In una scena chiave del film (non presente nel libro) Changez e Jim sono davanti al Direttore della casa editrice (che è occidentale, e non sudamericano, e sta a Istambul) che devono decidere di chiudere e mentre questo parla di letteratura e libri il protagonista guarda una tabella excell che riporta tutti i dati delle vendite, le proiezioni, gli indicatori. La tabella dice che il VAN è 0.
Ciò che conta è lì. Sono “i fondamentali”. Non servono, non si possono fare, congetture, ipotesi, aprire prospettive, valutare altro; il capitale umano, il prestigio sociale, la funzione per gli altri stakeholders. Il valore sociale.
L’azionista, il cliente, vuole il massimo valore questo trimestre, non tra due anni, non tra uno, non tra dieci. Lui tra sei mesi sarà su altri investimenti. E in questo mondo di predatori seriali che è la finanza internazionale, deve lasciare rapidamente la tana provvisoria più ricco di come è entrato. Questo è il “fondamentale”. Da qui il potere.

Dal film è più chiaro che Changez si distacca da questo ruolo di “truppa d’assalto” grazie alle risorse della sua tradizione (meravigliosa la riunione nella quale il padre, con tutta la famiglia e la comunità ascolta uno struggente canto sufi). Grazie ad esse, rifiuta anche la semplificazione simmetrica: l’incontro con il fondamentalista militante (e non “riluttante”) che vede “i fondamentali” nel Corano.
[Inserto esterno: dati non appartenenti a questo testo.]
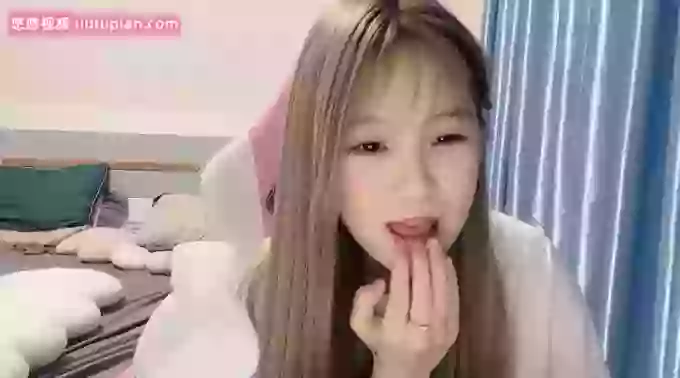 ai_meimei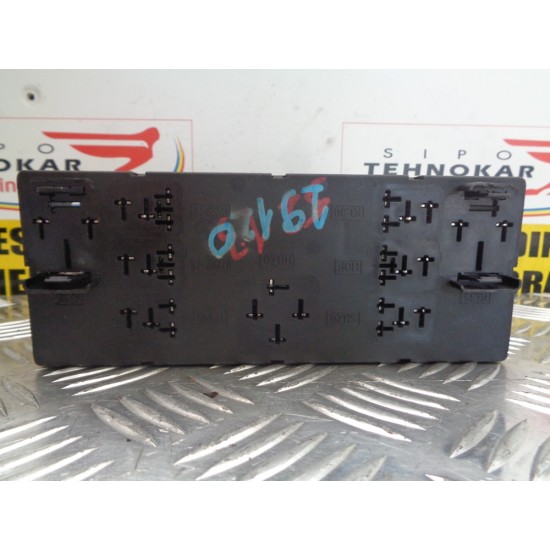 MODUL CONFORT VOLKSWAGEN GOLF V ,  2004-2008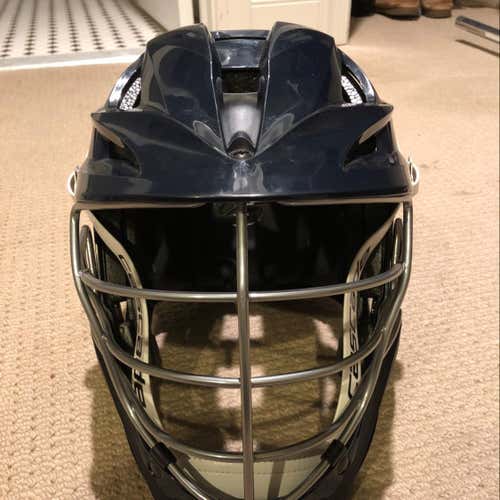 Navy Cascade S (Brand new)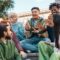Meeting Basic Needs in College Communities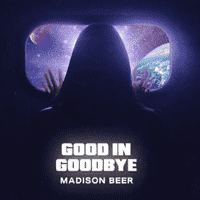 Madison Beer - Good in Goodbye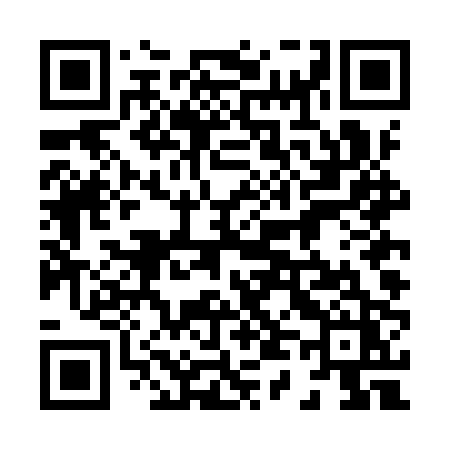 QR code for 844IPZ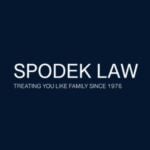 Spodek Law Group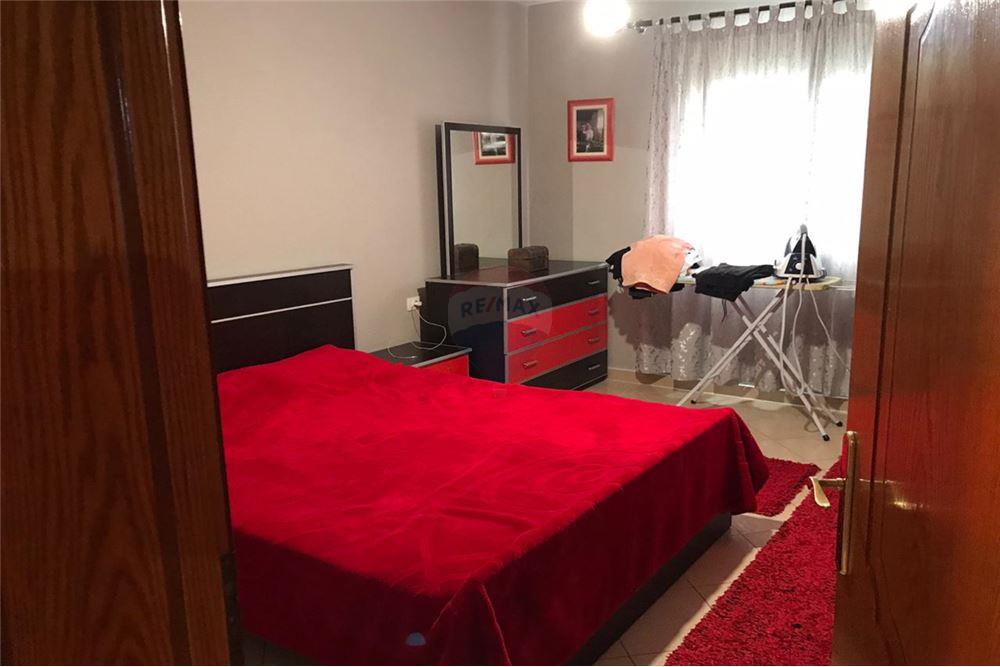 Foto e Apartment me qëra Rruga 3 Deshmoret, Yzberisht, Tiranë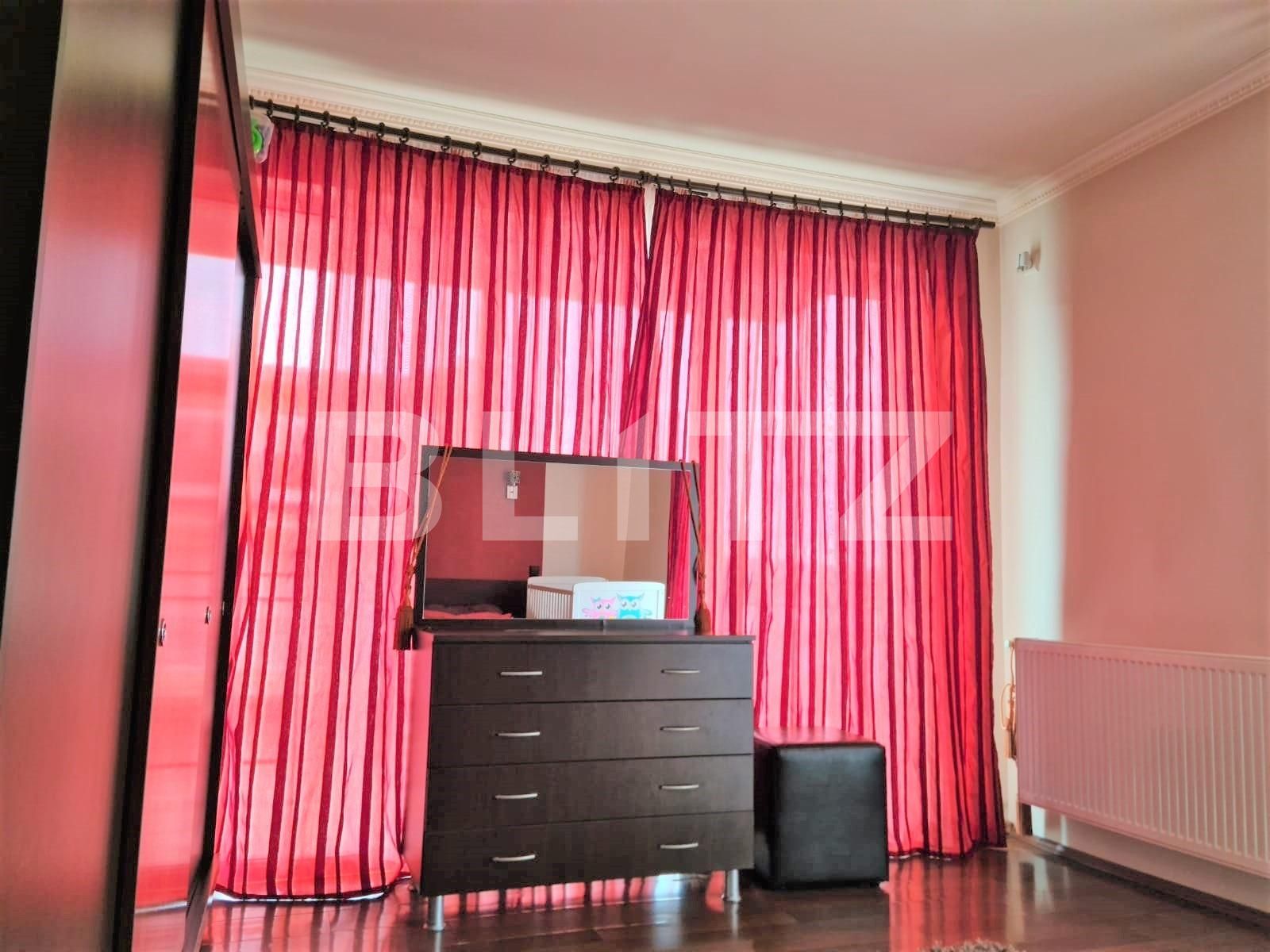 Apartament de vânzare 2 camere Floreşti - 56306AV | BLITZ Cluj-Napoca | Poza5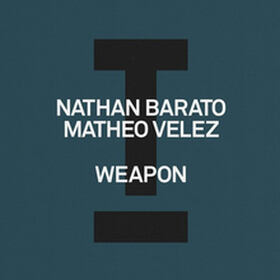 Weapon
Ne rifiuta l’arruolamento.


In un finale del tutto diverso da quello del libro, Changez, ormai maturo, pronuncia una bellissima orazione per l’amico morto (ed ucciso per errore dall’agente americano) nel quale rifiuta la semplicità della reazione violenta: <Sì sono pakistano, sì sono mussulmano, ma non sono soltanto questo>.